Fenris smirks, a hot curling thing that spikes an answering call deep in the pit of her belly, and abruptly Hawke finds herself on her back on the rumpled coverlet, her head almost entirely centered on one of her softer pillows. Fenris pauses only a moment to pull his shirt over his head; then, bare to the waist, he kneels beside her on the bed and drops his mouth to hers.
"See," Hawke says between kisses, her fingers tangling in Fenris's hair, "this is the problem."
He moves his mouth to her throat, his fingers to the top buttons of her shirt. "What is, Hawke?"
"This. One smooth move and you think you're clever; one good—oh, damn—"
She arches back on the bed, Fenris's hand warm and deliberate as it slides beneath her shirt to her breast. Distantly, she thinks it is good she is not so sore as she once was—this would be rather less pleasant, otherwise—but somehow between his efforts and hers they manage to get the rest of her buttons free, manage to extricate her arms from the sudden constriction of her clothing. Fenris does not even falter, the same intensity that drives the rest of his life focused on her here with almost frightening purpose, but Hawke has no such defense against distractions as she looks down the curve of her enormous stomach, and despite Fenris's lips doing all sorts of interesting things to her collarbone, she cannot help but rake one hand through her unbound hair and sigh.

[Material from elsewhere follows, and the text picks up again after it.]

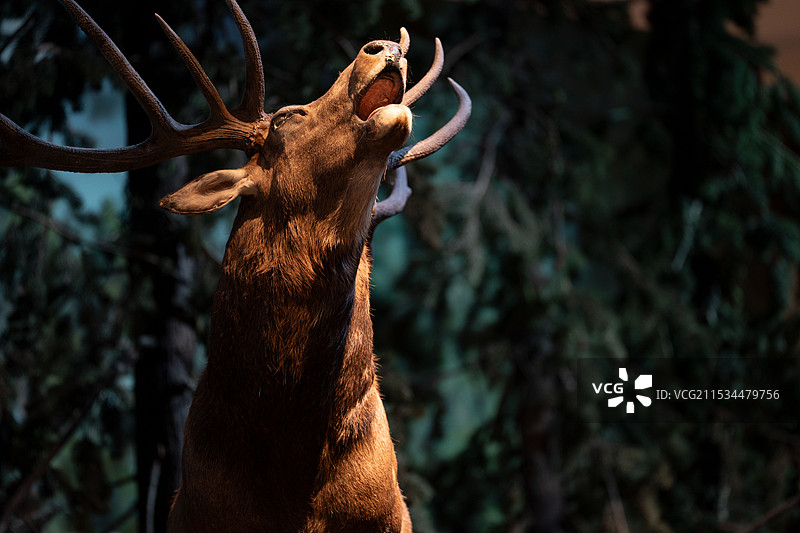 国家海洋博物馆图片素材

Fenris stills, looks up. "Are you well?"
"Of course," Hawke says, suddenly embarrassed, and when he leans up to kiss her she curls one hand around the back of his neck, keeping his mouth to hers until she is quite certain she has assured him of exactly how all right she is. "I was just wondering if I'll ever see my feet again."
"Ah," Fenris murmurs after a moment; he kisses her once more, then presses his lips to the rise of her cheek, gently, and the afternoon sunlight dances down the lyrium etched into his back as he sits up.
Hawke props herself on one elbow. "Where are you going?"
"To remind you of your feet," Fenris says over his bare shoulder, and plucks her ankle from the bed.
Even so, it is not until his knuckles begin to dig into the arch of her foot that Hawke realizes what he means to do. This does not last so long as earlier, the both of them too eager and impatient to wait; still, Fenris is nothing if not thorough, his fingers digging under the balls of each foot, down the arches, around the base of her heel where the swelling is worst. By the end of it Hawke is panting, sweating; Fenris is little better, his eyes dark and intent as he moves with quick, spare motions to lie alongside her again.
This kiss is nothing like the earlier ones, nothing of gentleness or composure left in either of them. Hawke cannot get him close enough; if he cannot pin her to the bed as she wishes she will have the next best thing, and she drags the tips of her fingernails up his sides, along his shoulders as he slides closer beside her. "You always did have clever fingers," she mutters into his mouth, smiling despite herself.
Fenris draws back, holds her gaze. One hand comes to splay hot over the curve of her naked hip. "Is that a request?" he asks, his voice so deep it rumbles in her chest.
Hawke blinks; then his meaning catches hold and a shiver ripples its way down her spine, raising gooseflesh along her chest and arms. "I'd be happy to return the favor," she says, husky enough that she barely recognizes it.
Fenris brushes his mouth over her ear. "As you wish," he murmurs, smirk obvious even in his voice, and then his hand slides lower, and Hawke throws an arm across her eyes and laughs.
They do not speak again for a long time.